Using instance hardness measures in curriculum learning
- 0 Collaborators
Curriculum learning consists of training strategies for machine learning techniques in which the easiest observations are presented first, progressing into more difficult cases as training proceeds. ...learn more
Project status: Under Development
Overview / Usage
Curriculum learning consists of training strategies for machine learning techniques in which the easiest observations are presented first, progressing into more difficult cases as training proceeds. For assembling the curriculum, it is necessary to order the observations a dataset has according to their difficulty. This work investigates how instance hardness measures, which can be used to assess the difficulty level of each observation in a dataset from different perspectives, can be used to assemble a curriculum. Experiments with four CIFAR-100 sub-problems have
demonstrated the feasibility of using the instance hardness measures, the main advantage is on convergence speed and some datasets accuracy gains can also be verified.
Methodology / Approach
The usage of HM in CL is simple using the methodology proposed in [Hacohen and Weinshall 2019]. We embed HM as the scoring function f in Algorithm 1, allowing the use of those metrics with minimal modifications to the CLframework, which we describe next. All HMs as described in Section 2 are already standardized so that higher values are output for harder instances. The PyHard package was used in the computation of the HM 1 . In our experimental evaluation, we use as base an experimental framework delineated in the recent work of [Hacohen and Weinshall 2019] 2 , which uses a convolutional network (CNN) of moderate size for classifying a group of images from the CIFAR-100 dataset. The CIFAR-100 dataset contains 60,000 32x32x3 colored images divided into 100 classes [Krizhevsky et al. 2009]. The classes are also grouped into super-classes, each one comprising five similar classes. Each super-class contains 3,000 images, further divided into 2,500 training images and 500 test images. The datasets used in this work are: (i) “people”, (ii) “small mammals”, (iii) “trees” and (iv) “vehicles 2”, which show different difficulty levels.

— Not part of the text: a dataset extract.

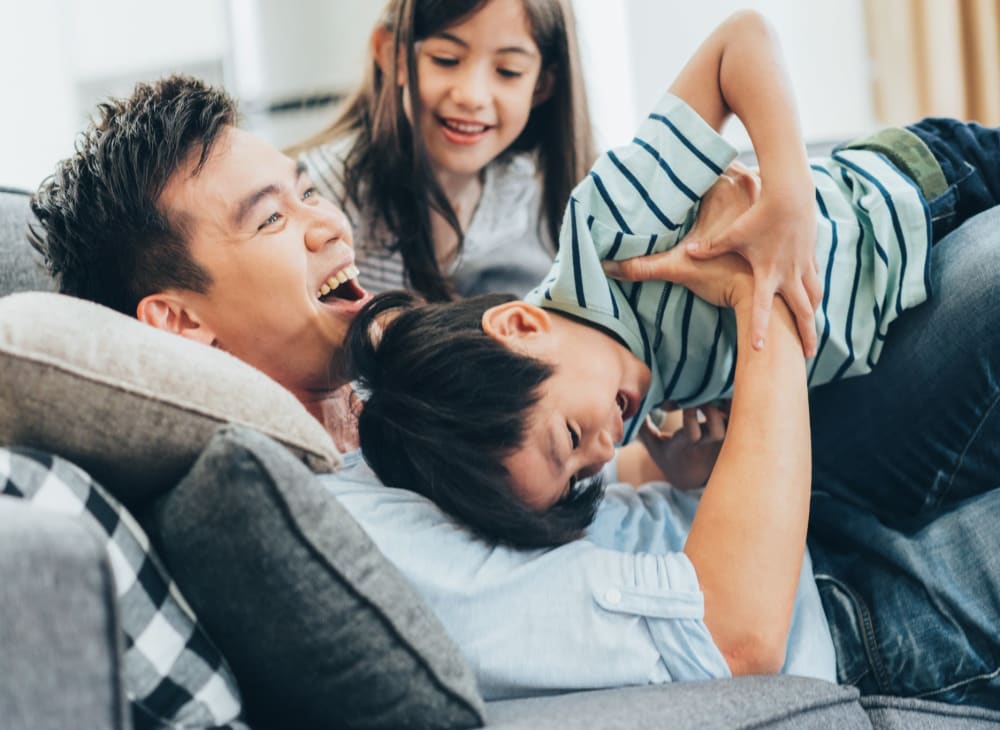 A resident playing on the couch with his kids at Vista Ridge in Vista, California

The CNN used in the experiments has eight convolutional layers with 32, 32, 64, 64, 128, 128, 256 and 256 filters, respectively. The first six layers have filters of size 3 x 3, while the last two layers have filters of size 2 x 2. Additionally, in every second layer there is a 2 x 2 max-pooling layer and a 0.25 dropout layer. After the convolutional layers, the units are flattened and there is a fully-connected layer with 512 units followed by a 0.5 dropout layer. The output layer is a fully-connected layer with a number of output units equal to the number of classes, followed by a softmax layer. Finally, the network is trained using a SGD optimizer, with cross-entropy loss and batch size of 100.

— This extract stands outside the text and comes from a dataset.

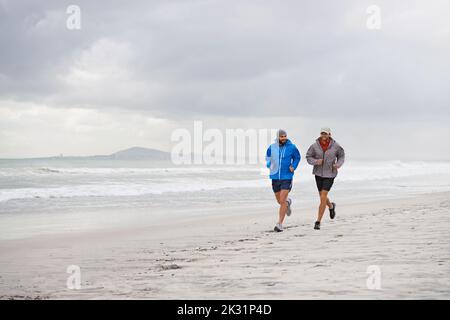 Morgens mit einem Freund am Strand laufen. Die ganze Länge der Aufnahme von zwei Männern, die an einem bewölkten Morgen gemeinsam am Strand joggen. Stockfoto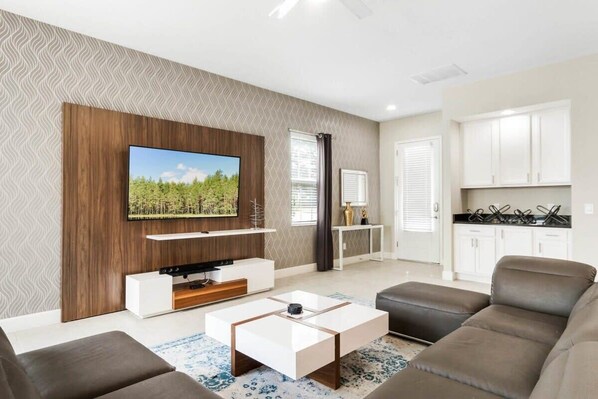 A modern living room with a flat-screen TV, a sofa, a coffee table, and a kitchen area with cabinets and a countertop.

Hacohen and Weinshall [Hacohen and Weinshall 2019] used a transfer scoringcfunction in their experiments. It takes the Inception network [Szegedy et al. 2016], pre-trained on the ImageNet dataset [Deng et al. 2009], runs it through each training set observation and uses the activation levels of the penultimate layer of the network as a feature vector. This yields a new dataset consisting of the extracted feature vectors of the images (with 2048 features) and their original labels. Finally, a SVM classifier is trained over this new dataset and this classifier’s classification probability scores are used as the scoring function. Given these scores, the network is trained using a fixed exponential pacing function. We also use the features from the Inception network to build the datasets fed into the HM, but without the need of making use of the SVM classifier.